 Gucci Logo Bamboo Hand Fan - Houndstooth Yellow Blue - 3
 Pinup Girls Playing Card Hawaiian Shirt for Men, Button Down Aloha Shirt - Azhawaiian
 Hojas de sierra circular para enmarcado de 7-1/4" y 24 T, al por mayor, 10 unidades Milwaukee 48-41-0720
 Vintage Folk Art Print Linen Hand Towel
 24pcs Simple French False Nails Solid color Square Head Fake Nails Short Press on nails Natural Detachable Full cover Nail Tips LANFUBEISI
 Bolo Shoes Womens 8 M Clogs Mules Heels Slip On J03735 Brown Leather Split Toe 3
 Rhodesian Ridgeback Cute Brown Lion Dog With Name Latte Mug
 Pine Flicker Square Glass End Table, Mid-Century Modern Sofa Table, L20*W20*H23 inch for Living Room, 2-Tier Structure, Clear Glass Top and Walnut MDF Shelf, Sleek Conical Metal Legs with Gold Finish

= = =

_Task to carry out_. Which lines of the data above contain "Brown"? Copy each one.

_Task solution_.
 Bolo Shoes Womens 8 M Clogs Mules Heels Slip On J03735 Brown Leather Split Toe 3
 Rhodesian Ridgeback Cute Brown Lion Dog With Name Latte Mug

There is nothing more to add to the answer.